Sisters just 13 months apart, Mary Lou Hogland Holtgeerts and Kay Hogland Scheller are this year’s Pioneers of the Year. Born in Everett, they moved to Mukilteo when their family bought the McNab house in 1942, a large house built in 1906 on Webster Street near Mukilteo’s Pioneer Cemetery.
Both sisters attended Rosehill school and later graduated in 1954 and 1955 from Everett High School. Mary Lou and Kay remember that when their parents bought the big house in Mukilteo, it was being used as a WWII Army hospital run by the Ursuline Sisters. They remember cots all over, pots filled with sand, and surgical instruments. They remember seeing two well-stocked fish ponds on the property, but these were soon filled in: “Mother was afraid that we’d fall in.”
Their parents, Valeria and Everett Hogland, lived in their Mukilteo home until they died, Everett in 1959 and Valeria in 1987. Kay bought the family home and turned it into a bed and breakfast in 1993.
Their mother, Valeria Scott, was born in Minden Mines, Missouri. She came to this area on the train with her mother and siblings, joining her father who had come to Washington to work in the lumber industry.
Mary Lou and Kay’s father, Everett Albert Hogland, was born in Skagway, Alaska in 1900 during the peak of the Yukon Gold Rush. His father was an immigrant from Sweden. Everett lived with his dad in lumber camps and was working on the Seattle docks by sixth grade.
He started the Hogland Transfer Company in 1933, buying his first trucks off poker winnings that he hid behind a loose brick in a building in the Georgetown area of Seattle. He and Valeria married in 1935 and had three children: Mary Lou, Kay, and Al, who is ten years younger.

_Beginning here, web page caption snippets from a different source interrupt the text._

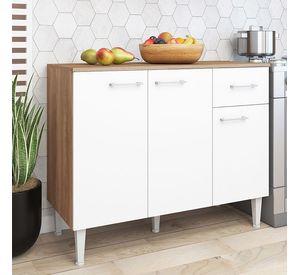 MUEBLE BASE EVANDRO 105 CM BLANCO 3 PUERTAS 1 CAJON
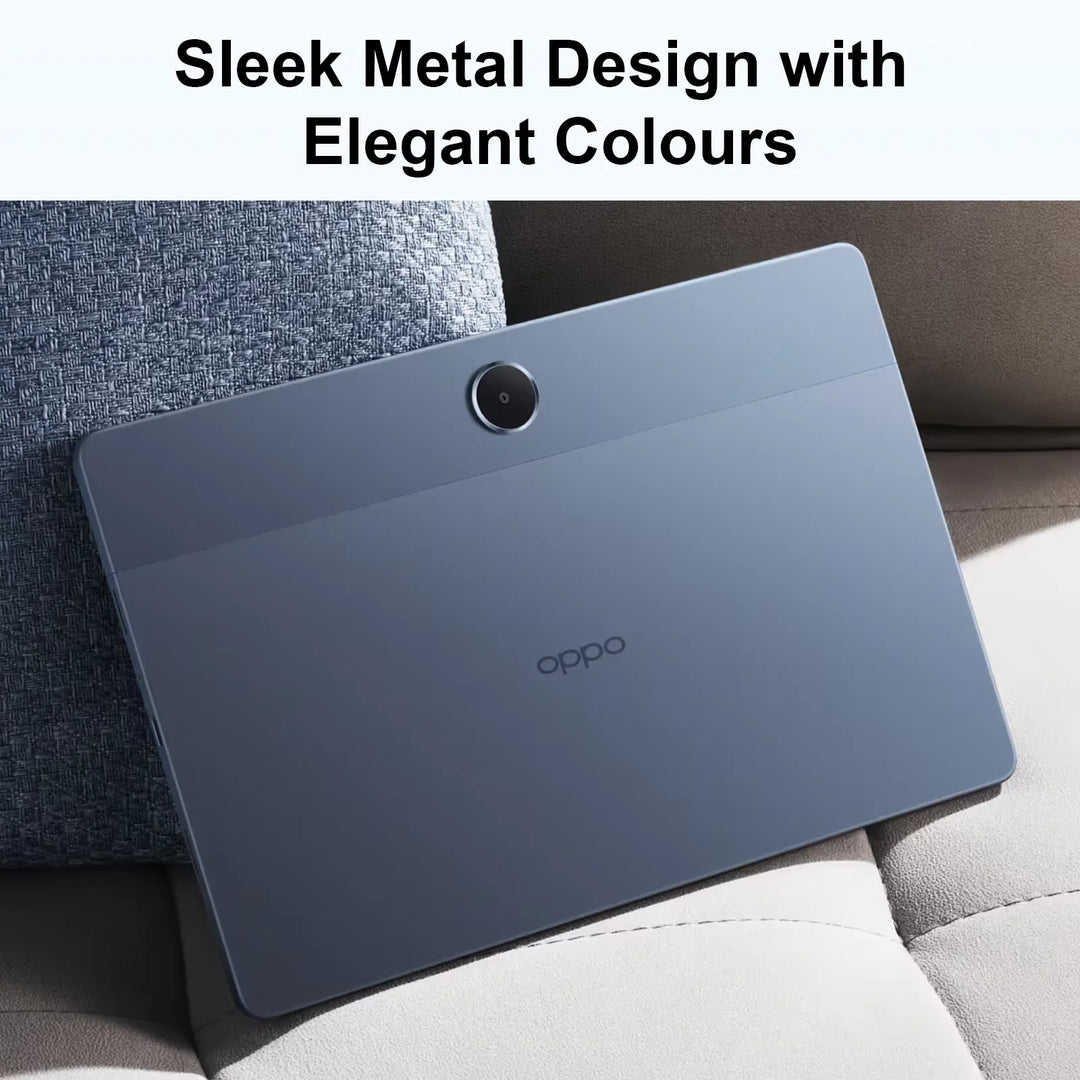 Versión global de la tableta OPPO Pad SE, 4 GB de RAM, 128 GB de almacenamiento, pantalla LCD de 90 Hz, procesador MediaTek Helio G100, resolución de 1920x1200, batería de 9340 mAh, reconocimiento facial.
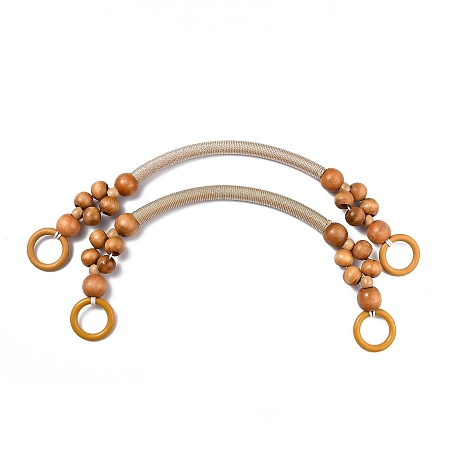 Honeyhandy Wood Beads Bag Handles, for Bag Handles Replacement Accessories, Sandy Brown, 485x14mm, Hole: 27mm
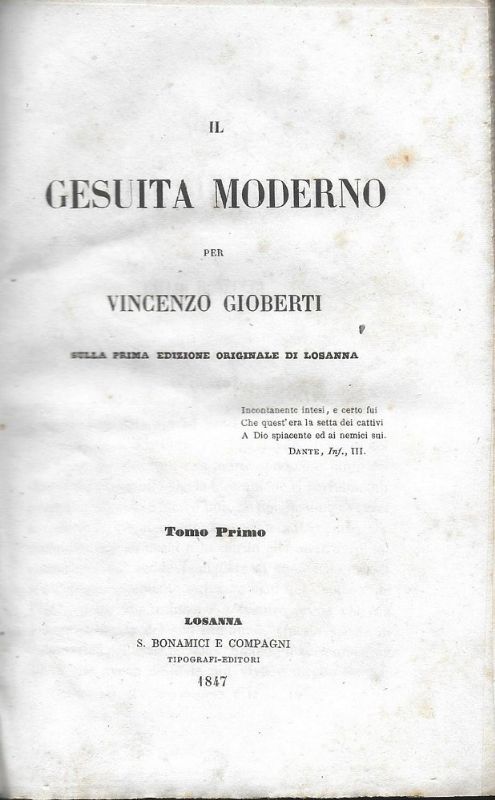 Il Gesuita moderno. Sulla prima edizione originale di Losanna.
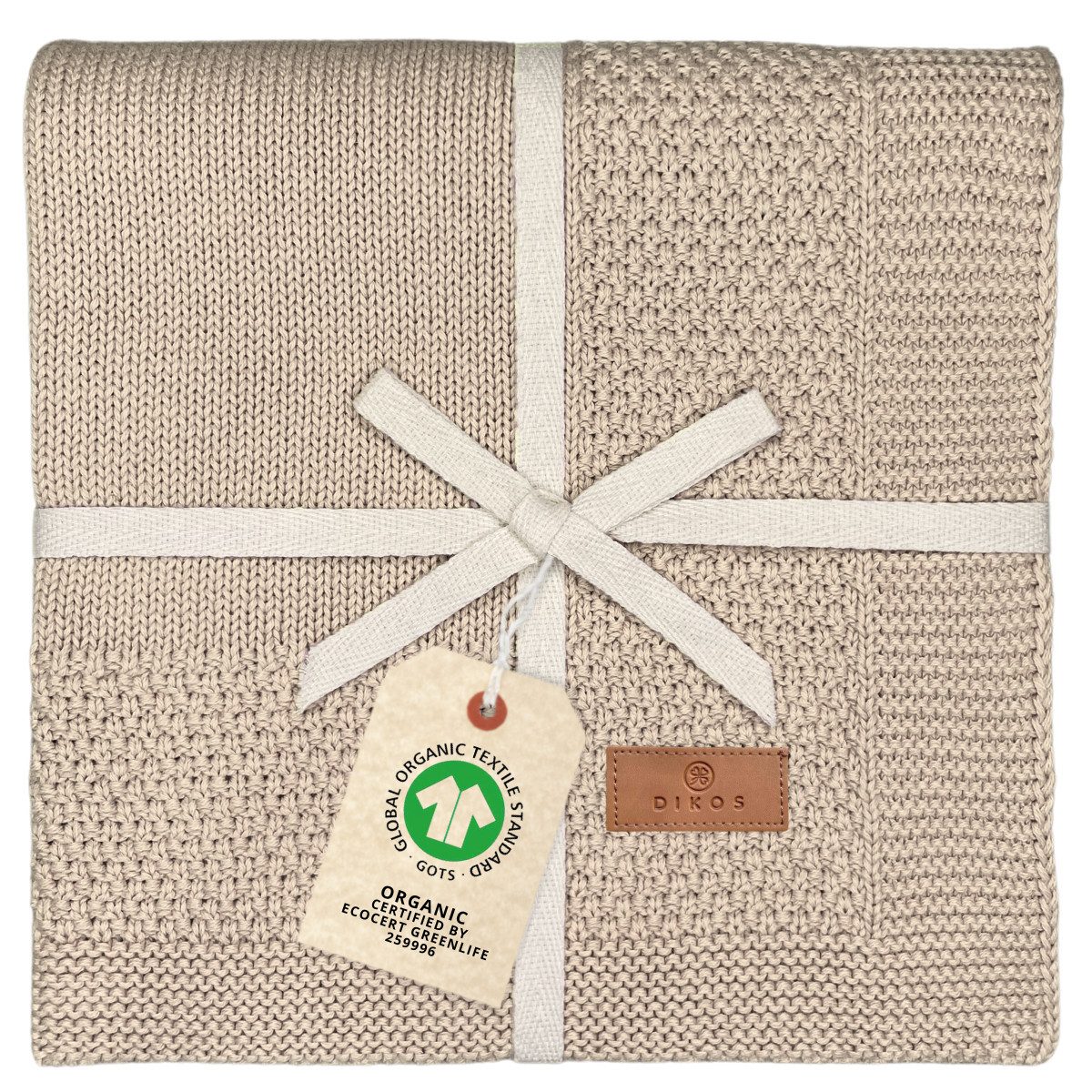 Babydecke DIKOS® Kuscheldecke Bordüre *100%* Bio Baumwolle, Geschenk zur Geburt, DIKOS, Strickdecke 75×100, Baby Erstausstattung Neugeborene, Babygeschenk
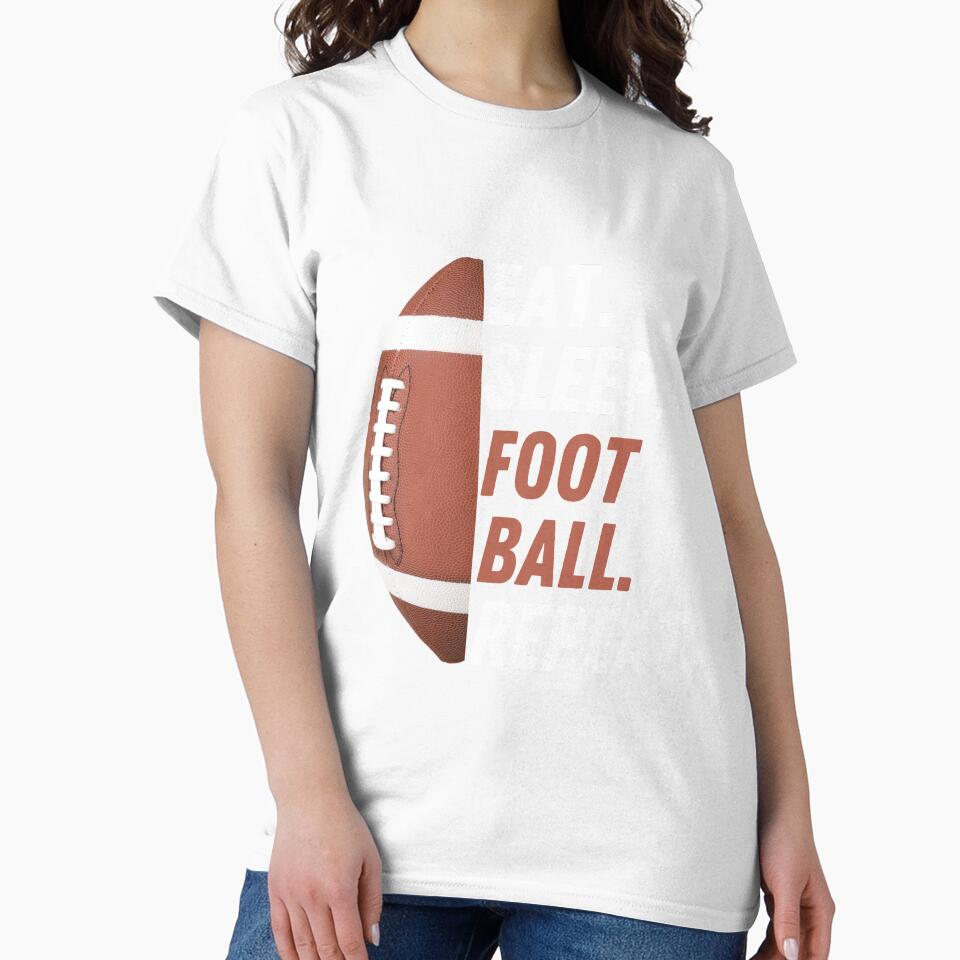 Eat Sleep Football Repeat T-Shirt Love Football Vintage Gift by Mustaph-Shop
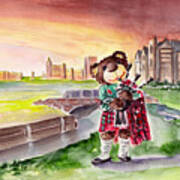Truffle Mcfurry Playing The Bagpipes At St Andrews Art Print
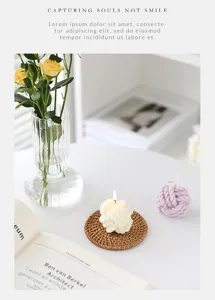 Knotted yarn ball scented candle cute aesthetic home decor gift photography props
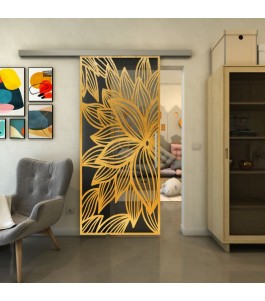 Glasschiebetür SLIM-LINE - Fineprint Model 184 Gold auf Grauglas
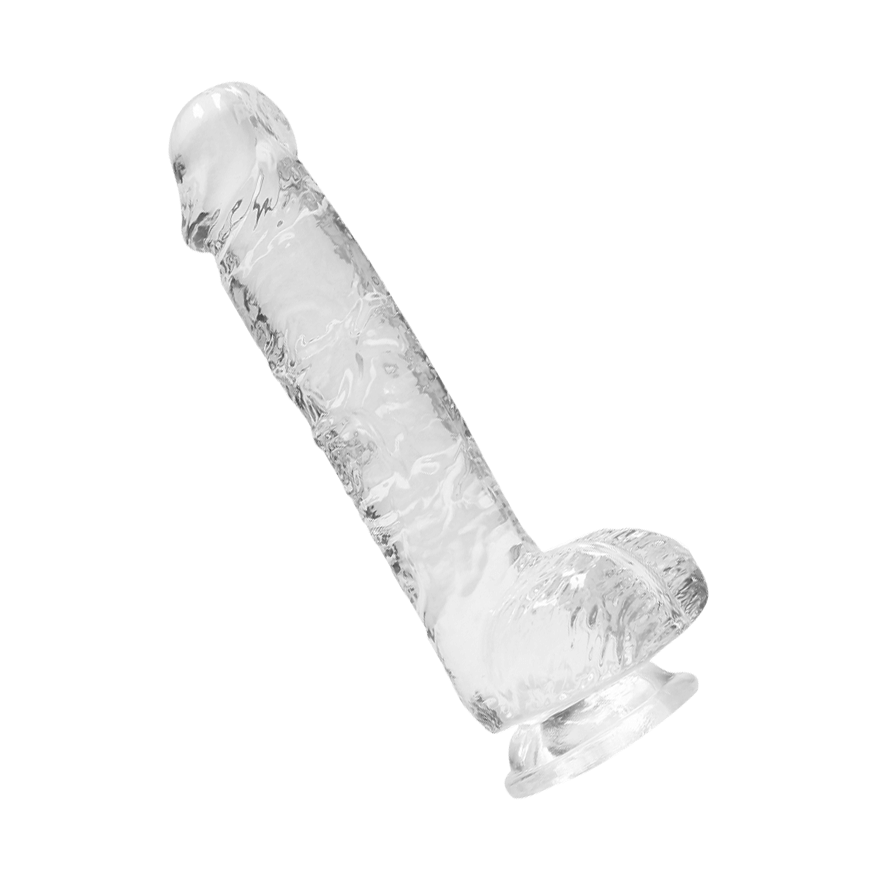 Crystal Clear - Dildo with Balls, 17 cm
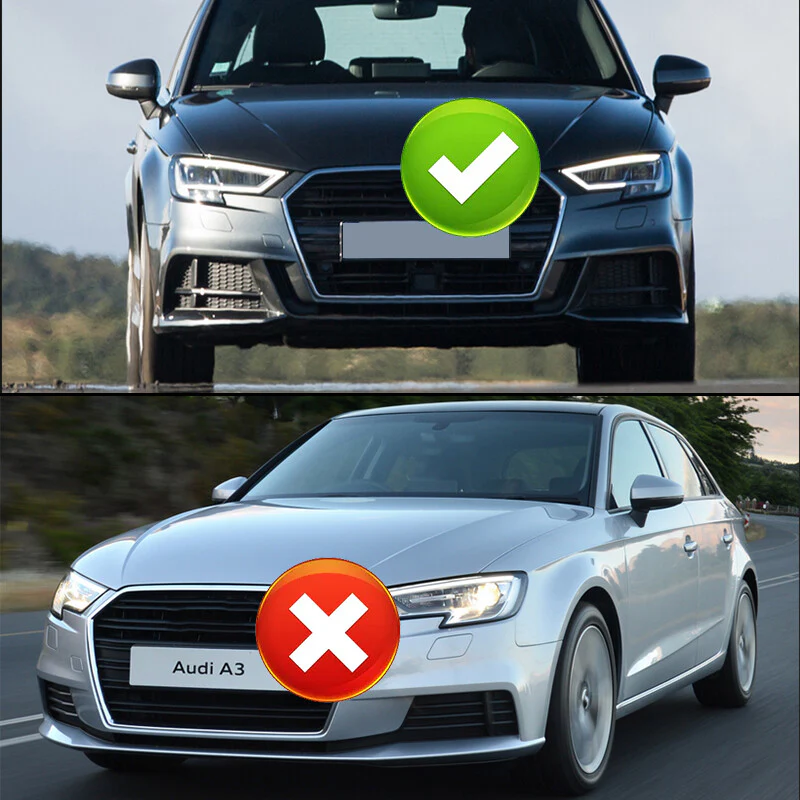 Chrome+Black Honeycomb Fog Light Grill Mesh Cover Fits Audi A3 S Line 2017-2020 - Image 2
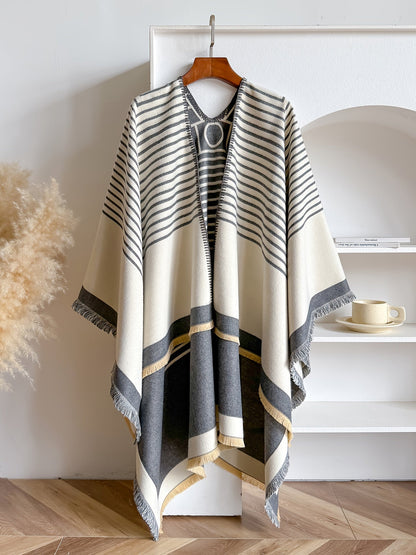 Women's Striped Fringe Trim Open Front Wrap Poncho Cape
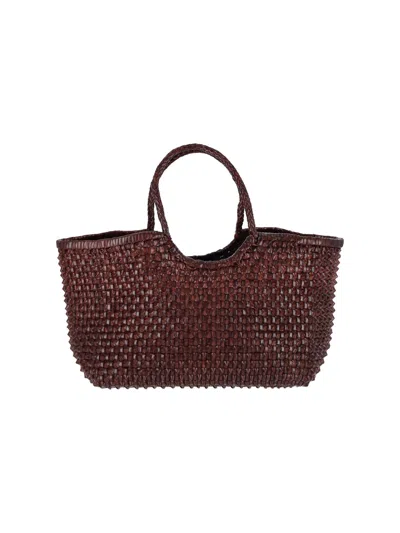 Dragon Diffusion Handwoven Calf Leather Tote Bag In Brown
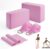 MAOMUN 6 Yoga Blocks 2 Pack with Yoga Strap and Beveled Edges, Anti-Slip Pilates Block Set Yoga Brick, Soft Lightweight Pilates Accessories for Balance Stability Stretching Pilates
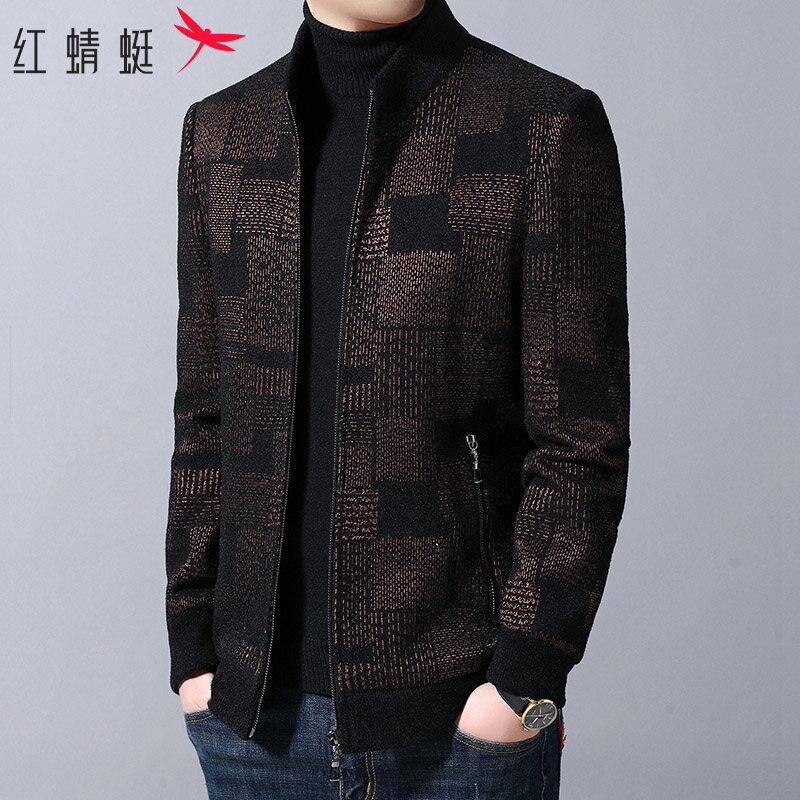 紅蜻蜓秋季夾克男士立領上衣服中年爸爸裝韓版潮牌帥氣休閑外套男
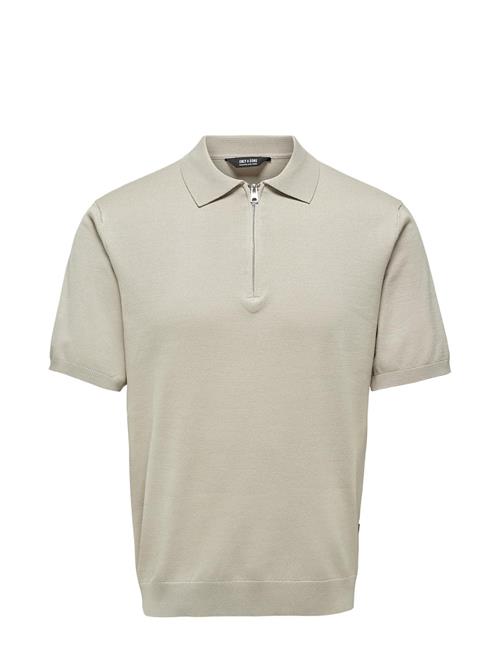 ONLY & SONS Onswyler Life Reg 14 Ss Zip Polo Knit ONLY & SONS Cream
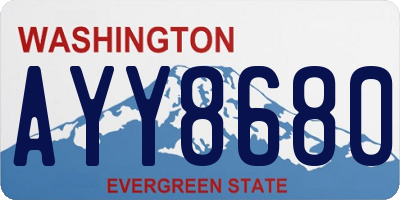 WA license plate AYY8680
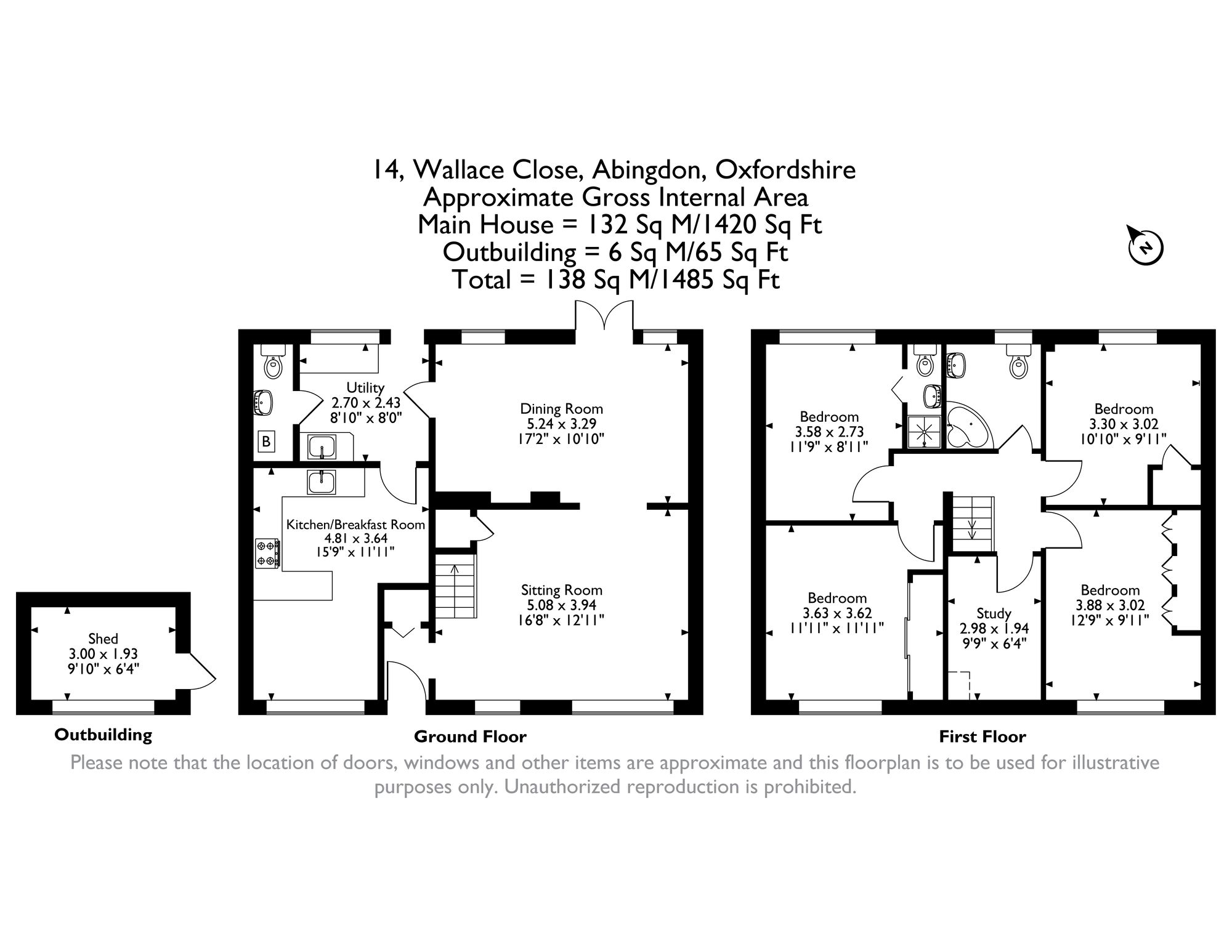 14 Wallace Close, Abingdon floorplan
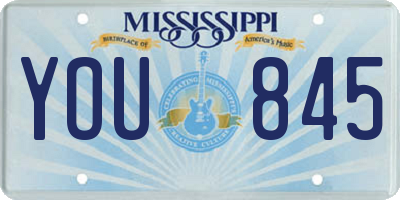 MS license plate YOU845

After high school, Mary Lou attended Everett Junior College, and then married Kenneth Henry Holtgeerts in 1956. They had three children: Steve, Kristi, and Jeff. Ken was born in 1932 in Anacortes; his family moved to Mukilteo when he was ten years old. He attended Rosehill and Everett High, graduating in 1951. Ken was in the army during the Korean War. He worked at various jobs and then at the Hogland Transfer Company, where he retired as president. They lived on 3rd Street in Mukilteo when Steve was born, and later moved to 8th Street. Ken served on the Mukilteo City Council in the 1970s—his father, Luke Ho1tgeerts, had served on the Mukilteo City Councils, 1947-1953. Luke and his partner Russell Edgerton built and ran the bus line from Mukilteo to Everett. They built the bus barn in the 1940s—the building that is now Diamond Knot Brewery.
Mary Lou was a Cub Scout leader, Camp Fire Girls leader, Assistant Treasurer at Mukilteo Presbyterian Church, and worked on fundraising for the Assistance League and Boys and Girls Club. Mary Lou now lives in Anacortes.
Kay married Jack Scheller. They had four children: Nancy, Earl, Greg, and Byron. The family lived on the corner of 3rd and Loveland for many years while bringing up the children. They later divorced.
Kay worked at the City of Mukilteo and the Mukilteo Water Department. She was a Sunday School superintendent and teacher at Glad Tidings Chapel. She helped organize many dance fundraisers and New Year’s dances at Royal Neighbors Hall (now the Boys and Girls Club on 2nd Street). Kay was active with the Seattle Swing Dance Club and on the Board of the U.S. Dance Championships.
Be sure to come to the Mukilteo Historical Society meeting on Thursday, August 11, at 7:15 pm at Rosehill Community Center to hear more of Mary Lou and Kay’s memories of growing up in Mukilteo.
Mary Lou and Kay will be riding in the Lighthouse Festival Parade on Saturday, September 10, at 10:30 am, accompanied by a contingent from the Mukilteo Historical Society. They will be honored at a reception at the lighthouse at 3:00 pm that day along with Mukilteo’s Citizen of the Year, Debra Borden (daughter of Lois and Bruce Brown).